This review was written by Walter F. Kerr as a “New York Herald-Tribute-Post-Dispatch Special Dispatch” on May 7, 1955.
‘The Honeys’ Has Murder, Mayhem And Hilarity
“The Honeys” is a sort of young married ladies’ version of “Arsenic and Old Lace.” Maggie and Mary are the spouses, respectively, of Curtis and Bennett Honey. Bennett is the kind of man who, when he sees anyone enjoying oysters, promptly recounts the death of an acquaintance from oyster-poisoning. He is clearly a fellow who ought to be left stranded between floors in an elevator. Brother Curtis is balding Bostonian who likes to settle himself in an armchair with a banana in one hand and highball in the other and steadily nip at both. Something might well happen to him too.
Something does happen to both brothers in the new farce at the Longacre. Author Roald Dahl, here building up some short stories of his from “the New Yorker,” has set Maggie and Mary the task of seeing that their lords and masters are sultably embalmed, and he has provided them with two very
ingenious methods of husband-disposal in addition to one very funny one. (The truly funny one is merely old-fashioned assault and battery, but it involves a splendidly giddy tug-of-war, a handsomely slung umbrella, and a near-fatal leg of lamb).

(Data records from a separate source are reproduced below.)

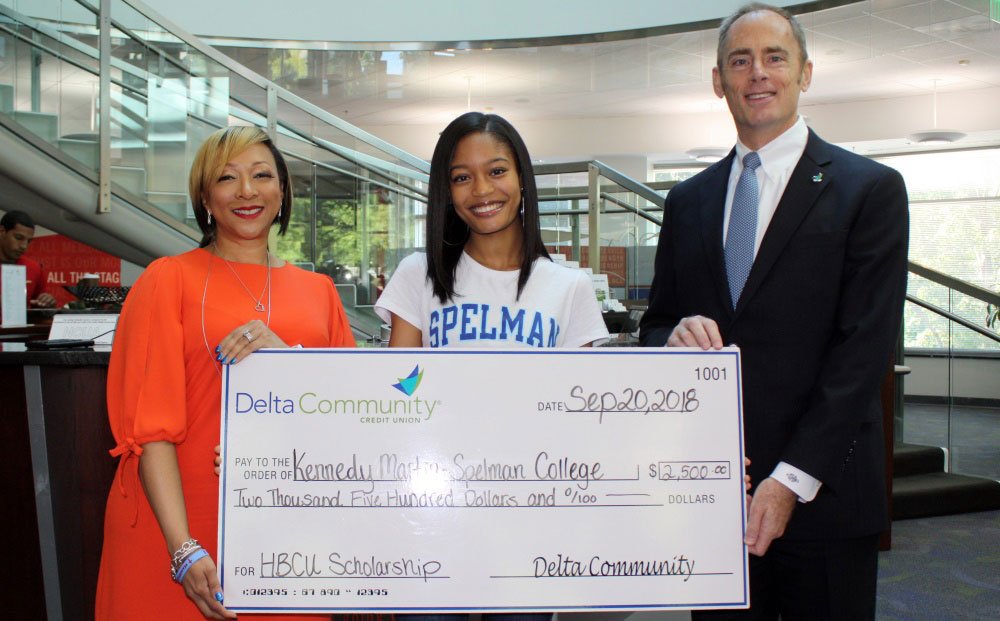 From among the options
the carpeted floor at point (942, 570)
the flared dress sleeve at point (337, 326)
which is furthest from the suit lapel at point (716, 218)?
the carpeted floor at point (942, 570)

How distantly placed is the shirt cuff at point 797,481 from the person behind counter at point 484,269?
47 cm

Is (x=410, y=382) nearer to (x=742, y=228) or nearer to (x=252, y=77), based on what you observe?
(x=742, y=228)

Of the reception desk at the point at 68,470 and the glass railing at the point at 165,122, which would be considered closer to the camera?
the reception desk at the point at 68,470

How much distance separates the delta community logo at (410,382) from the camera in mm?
1561

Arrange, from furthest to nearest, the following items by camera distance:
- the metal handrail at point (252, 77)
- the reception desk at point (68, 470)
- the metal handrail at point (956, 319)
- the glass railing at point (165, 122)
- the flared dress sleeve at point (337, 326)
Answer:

What he has not quite managed to provide is a sufficiently zany universe to house his otherwise cheerful mayhem. Murder can, of course, be hilarious stuff—provided we believe in that sweet, simple world in which all things are possible and in which no one is really maimed.
“The Honeys” is a little too casual, a little too practical, a little too domestic for that. Maggie and Mary—though they are delightfully played by Jessica Tandy and Dorothy Stickney—are all too clearly homebodies at heart, happy enough with the morning egg and some annual shuffling about of the furniture. You do not feel they are ambitious enough to aspire to murder — you can imagine them settling, very quickly indeed, for lesser triumphs.
And if Mr. Dahl has not sharpened them into bloodletting thoroughbreds, neither has he honed his lines to a throat-slitting edge. Mr. Dahl does not write clumsily; but he writes lightly for the purposes of farce.
Granted the too demure and offhand manner in which the adventure is written, the company of five, including Hume Cronyn, play it perfectly.